Можно вообразить себе такое состояние общества, где все это привело бы к появлению двух разделенных классов предметов, противопоставляемых друг другу так же, как потребление противопоставляется престижу, а потребительная стоимость — знаковой меновой стоимости; причем разделение это связано с жесткой иерархической интеграцией (примитивное общество, ритуальное общество или кастовое). Но в нашем обществе, повторим, чаще всего эти процессы приводят к амбивалентности на уровне каждого предмета. Важно повсюду, по ту сторону практической очевидности предметов и сквозь самоочевидную спонтанность поведения, прочитывать социальное принуждение, этос[8]«демонстративного» потребления (прямого или по доверенности)4, то есть схватывать в потреблении всегда присутствующее измерение социальной иерархии, схватывать в современном standing'а всегда остающуюся императивной мораль.
В этом парадоксальном определении предметы, следовательно, оказываются местом не удовлетворения потребностей, а символической работы, «производства» в двойном смысле термина producere — их производят, но их производят и в качестве доказательства.
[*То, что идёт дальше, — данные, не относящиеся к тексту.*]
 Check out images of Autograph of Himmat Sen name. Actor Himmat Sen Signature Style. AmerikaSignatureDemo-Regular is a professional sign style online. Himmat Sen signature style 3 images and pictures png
Они являются местом освящения некоего усилия, некоего неоконченного осуществления, какого-то stress for achievement [9], стремящегося создать постоянное и ощутимое доказательство социальной значимости. Что-то вроде мирского Bewàhrung [10], одобрения, демонстрации, — наследующей, пусть и в обращенных условиях, те же моральные принципы, что составляли протестантскую этику, являясь, согласно Веберу, принципами духа капитализма: мораль потребления принимает эстафету от морали производства или же сплетается с ней в одной и той же социальной логике спасения.